Published online by Cambridge University Press: 04 March 2022
Introduction
Coordination and coherence have been a challenge to government since the inception of government. The development of the public sector has been primarily through continuing specialisation and the creation of organisations that perform a limited number of functions (see Bouckaert, Peters and Verhoest, 2010). That pattern of development has tended to improve performance of the individual programmes, but that improvement has been bought with conflicting programmes, gaps in service, duplication, and a host of other ills that can arise from inadequate coordination in the public sector. As Aaron Wildavsky once argued, coordination has been the ‘philosophers’ stone’ for government that presumably could produce better policy and administration were it to be achieved.

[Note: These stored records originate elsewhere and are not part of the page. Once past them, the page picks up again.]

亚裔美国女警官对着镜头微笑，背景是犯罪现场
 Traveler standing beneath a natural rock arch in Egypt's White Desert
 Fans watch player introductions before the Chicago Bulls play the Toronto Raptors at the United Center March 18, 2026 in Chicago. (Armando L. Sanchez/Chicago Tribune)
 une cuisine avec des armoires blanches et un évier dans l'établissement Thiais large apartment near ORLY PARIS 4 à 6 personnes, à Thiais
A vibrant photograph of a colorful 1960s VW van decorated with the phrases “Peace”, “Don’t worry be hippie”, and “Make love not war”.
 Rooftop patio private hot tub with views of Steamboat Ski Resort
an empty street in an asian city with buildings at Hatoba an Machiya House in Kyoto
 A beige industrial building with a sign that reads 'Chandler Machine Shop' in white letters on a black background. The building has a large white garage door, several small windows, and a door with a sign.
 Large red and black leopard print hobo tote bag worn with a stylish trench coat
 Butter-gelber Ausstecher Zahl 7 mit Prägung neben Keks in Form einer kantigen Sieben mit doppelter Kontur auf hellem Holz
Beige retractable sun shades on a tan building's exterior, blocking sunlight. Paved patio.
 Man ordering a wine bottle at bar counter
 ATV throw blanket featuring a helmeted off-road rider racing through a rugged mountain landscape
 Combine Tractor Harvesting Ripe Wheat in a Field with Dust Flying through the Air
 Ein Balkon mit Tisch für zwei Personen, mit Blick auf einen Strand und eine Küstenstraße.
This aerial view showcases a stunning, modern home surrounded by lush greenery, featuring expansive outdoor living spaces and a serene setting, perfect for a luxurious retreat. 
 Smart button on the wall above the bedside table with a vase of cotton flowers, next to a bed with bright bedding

Coordination can mean a variety of different things, and there are also numerous similar concepts such as coherence and policy integration. More recently the term collaboration (Chen, 2010) has been used extensively to describe patterns of organisations working together. In addition, coordination is discussed as both a process and as an outcome of that process, sometimes creating confusion. In this chapter, I will be focusing on the outcomes of processes, and will think of coordination in terms of the rather old but still useful definition supplied by Charles Lindblom. For Lindblom (1965, 15):
A set of decisions is coordinated if adjustments have been made in it such that the adverse consequences of any one decision for other decisions in the set are to a degree and in some frequency avoided, reduced, counterbalanced, or outweighed.
Although coordination has been a problem for the public sector since the creation of government, there has been an increasing emphasis on improving coordination over the past several decades. This enhanced need for coordination was at least in part in response to the impact of the New Public Management and the attendant tendency to fragment the public sector and increase the autonomy of public agencies (Verhoest et al, 2010). Governments have responded with a number of programmes, such as ‘joined up government’ in the United Kingdom (see Pollitt, 2003), with most of these programmes tending to rely upon restoring some aspects of hierarchical control over the organisations to create greater coherence.